Go into your inner room, close your door and pray to your Father who is in secret, and your Father who sees what is done in secret will reward you.
Mat. 6:6 (NASB)
According to Henri Nouwen, the chief task of the contemplative is to learn how to enter, and remain, in the solitude of his/her own heart. Without such familiarity with ourselves we will automatically externalize our souls according to whatever other alternatives we seek for our heart’s expression. Nouwen writes,
We have to fashion our own closet where we can withdraw every day and dwell in the gentle healing presence of our Lord. Without such a place we will lose our own soul, even while preaching the gospels to others.
For the desert monks of the fourth and fifth centuries, the equivalent of the closet was the kellion, or cell, in which they lived their lives in isolation, and where they encountered the deeper truth of their relationship with God. The cell was seen as a school, sufficient to teach us all we need for the spiritual life. There is a story of a young monk who came to Father Moses for spiritual advice. Rather than give him counsel, Father Moses simply told the monk to “Go to your cell and sit down, and the cell will teach you everything.”
Anselm Gruen, a contemporary Benedictine monk and author of Heaven Begins Within You, speaks as well of the transformative and educative power of the cell of our own solitude. He affirms Father Moses’ advice regarding the benefits of our “inner room” saying,
If we stay in our cells something in us will be transformed; we will find order within ourselves. We will come face to face with all the inner chaos that surfaces in us. And we will learn how to not run away from it.
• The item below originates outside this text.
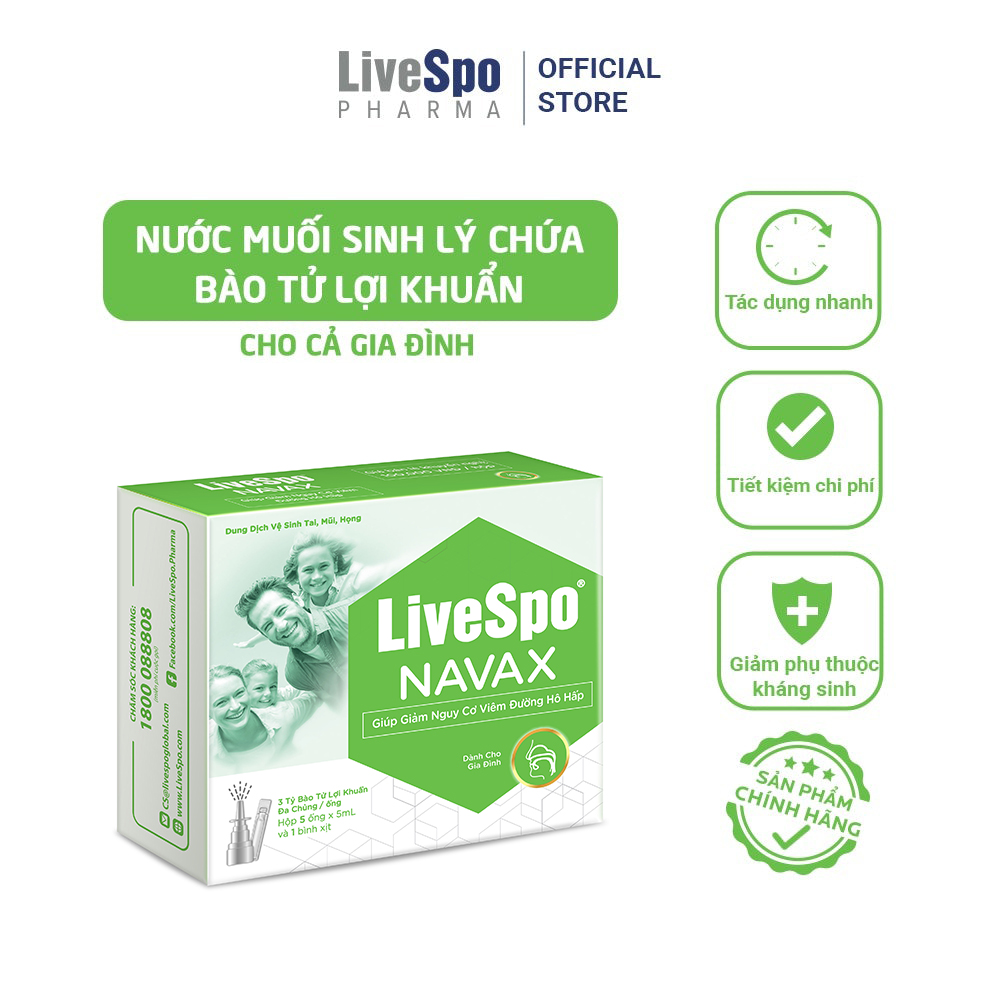 Nước muối rửa mũi bào tử lợi khuẩn LiveSpo Navax Family - Dành cho gia đình 5 ống x 5ml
Prayer transforms us precisely because it opens the eyes of our heart to the actual truth of who we are, and therefore to the truth of God’s actual relationship with us. For the early monks, encounter with oneself was the precondition for every authentic encounter with God. And stabilitas—the constancy of holding on, and staying with oneself—was the prerequisite for every kind of human and spiritual progress.
A growing capacity to find peace with our selves, in spite of all the impulses to flee, is perhaps the main discipline we learn from solitude. That is why the ancient fathers stressed the importance of holding out and not running away from our solitude. Anselm Gruen writes,
Remaining in one’s cell, keeping to oneself, is the necessary condition for both spiritual progress and maturation as a human being. The tree must send down roots to be able to grow. Continual uprooting and transplanting only blocks its development. One cannot be a mature person without the courage to hold out and meet one’s own truth head on.
We are to resist the temptation to flee from prayer. If we stay in our cell, we will grow in our true sense of what reality is. We will no longer be fooled by pretensions, either about ourselves or our relationship with God. Gruen writes of his own experience, saying,
When everything is taken away from me and I really sit in all simplicity before God, at first everything is boring. I start suspecting that everything I’ve been thinking or saying about God doesn’t add up. But if I weather this feeling, if I don’t immediately worry about being able to find something meaningful, but simply stay put, then something moves within me, and I suddenly find myself touching the truth. The truth is at first relentless, but it also sets us free.
The prayerful acceptance of “what is” heals us from our inordinate impatience with life—the very thing that keeps us in such a restless state. There is a desert wisdom that states, “Cella est valetudinarium,” meaning the cell is an infirmary, a place where the sick can get better. Gruen adds,
It is a place of wholeness, a place for healing, because we sense God’s loving and healing nearness there. But I can have this positive experience of the cell only if I stay there even when everything in me rebels against it, when I am full of unrest. Once I have overcome this first phase, then I can begin to experience the cell as heaven.
Jesus’ invitation in John 15 is for us to simply “remain in His love.” When we consider the many trivial reasons for which we often stray from this love we can see the importance of learning how to remain with God in the secret place of our heart. There, we will meet the truth head on. And there we will find the way that leads beyond the illusions of impatience, to a growing acceptance of our real relationship with God.